Including batteries among your survival stockpile is a must. After all, you’re going to need functioning devices during a crisis situation, including flashlights and other tools, not to mention entertainment items.
But as with food, water and other essential items, batteries can go bad if they’re not stored properly. It’s crucial to keep your batteries in the best possible shape. You want to get the longest life out of them as possible, and how you store them greatly factors into their life expectancy.
The Deep Freeze
It’s probable you’ve heard the old wives’ tale about extending battery life by storing them in your freezer, and perhaps you are already doing just that. This is a topic that battery experts, as well as survivalist experts, have spent time testing.
The majority has determined that storing batteries in a freezer does not extend the life, and in fact might make them less effective.
What you need to know is that you should always keep batteries safe from water and extreme heat. It’s also wise to check into what the makers of your batteries suggest. We researched recommendations from two top brands:
Energizer officials state that storage in a refrigerator or freezer is not required or recommended for batteries produced today. Cold temperature storage can harm batteries if condensation results in corroded contacts or label or seal damage due to extreme temperature storage. To maximize performance and shelf life, store batteries at normal room temperatures (68° to 78°F or 20° to 25°C) with moderated humidity levels (35 to 65% RH).
When stored at room temperature (i.e. 70°F/21°C), cylindrical alkaline batteries have a shelf life of five to 10 years and cylindrical carbon zinc three to five years. Lithium cylindrical types can be stored from 10 to 15 years. Prolonged storage at elevated temperatures will shorten storage life.
Duracell officials recommend storing batteries in original packaging, in a dry place at normal room temperature until ready to use. Do not place batteries in a refrigerator. This will not recharge batteries, increase storage life or increase power. Don’t store batteries or battery-powered devices in very warm places. Extreme temperatures reduce battery performance and may also lead to leakage.
They also ask that you don’t mix old and new batteries, or batteries of different brands or types (for example heavy-duty zinc chloride batteries and alkaline batteries) in the same device as this may cause the batteries to leak.

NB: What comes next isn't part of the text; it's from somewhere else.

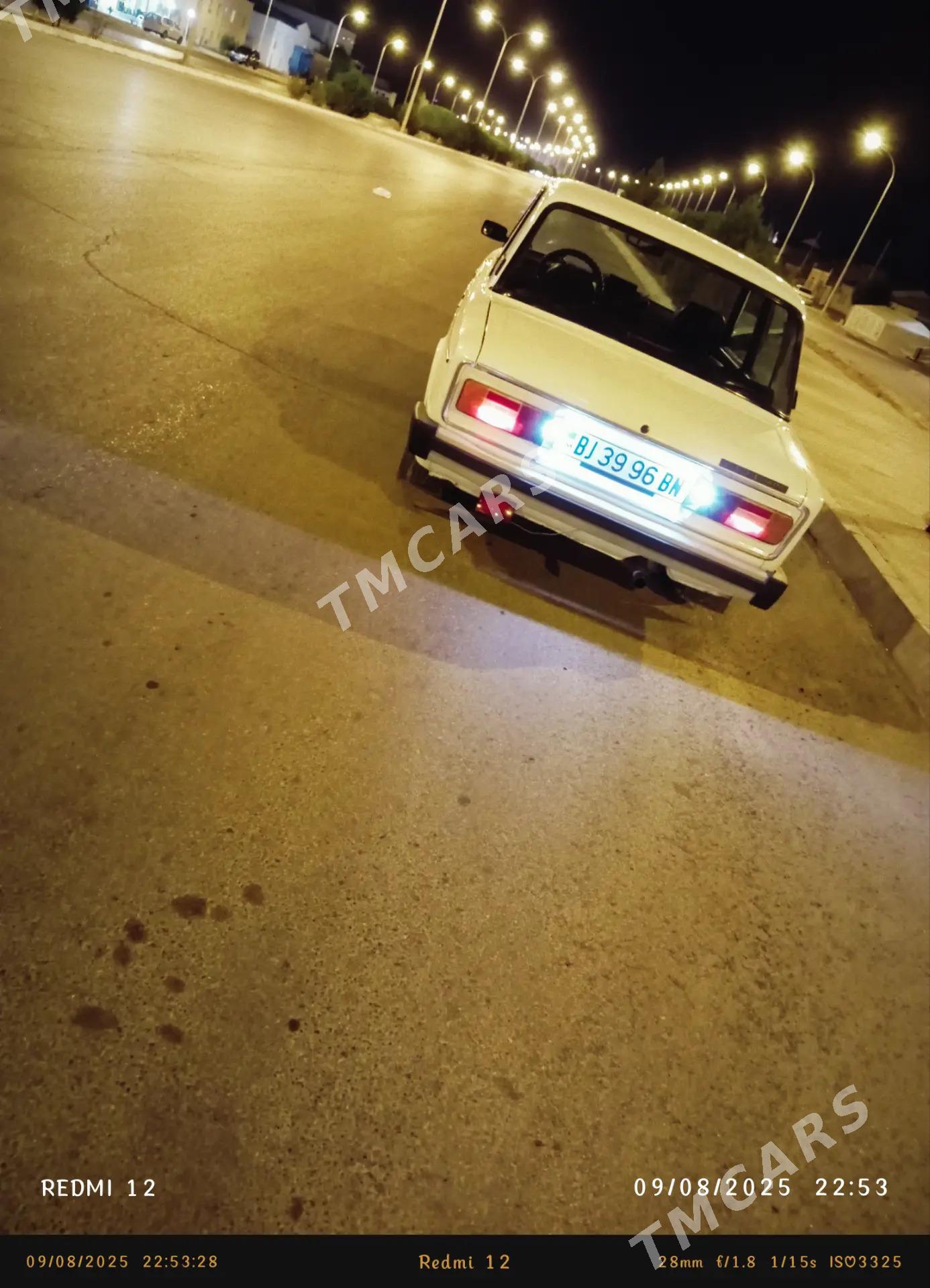 Lada 2106 1999 - 26 000 TMT - Гызыларбат - img 4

Our recommendation is to store batteries in a temperature-controlled environment, making sure they aren’t stored near heat or subject to condensation that a refrigerator and/or freezer can produce. Battery experts agree that elevated temperatures hasten permanent capacity loss.
Loss expectancy varies on battery type. While we don’t recommend batteries be stored in a refrigerator or freezer, we know that in some instances of warm climate living there’s not a better option.

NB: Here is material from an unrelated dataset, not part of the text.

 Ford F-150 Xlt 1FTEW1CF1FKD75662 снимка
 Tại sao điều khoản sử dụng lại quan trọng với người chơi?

In that case, we highly recommend purchasing additional storage packaging to give batteries an extra layer of protection against potential condensation damage.
It’s important to note that many battery types perform poorly when cold. Due to this, you’ll need to let batteries warm back up after pulling them out of the refrigerator or freezer. Otherwise you’ll not be able to use them to their best capacity. Give them a few hours to thaw in order to be safe.
Aim for Long-term Storage
No matter what type of climate you live in, making a suitable place to store your batteries long term is time and space well spent. When planning long-term battery storage, alkaline and primary lithium batteries can be stored for 10 years with moderate loss capacity, making them ideal for disaster storage preparation.
Also, if you haven’t checked on the expiration dates on batteries in your emergency supplies, now’s the time to do so. You may want to keep note of all battery expiration dates in a log along with your other emergency supply items that expire.
If you have expired batteries in your disaster supplies, be sure to dispose of them correctly. After all, as we’ve learned, not all batteries are created equally.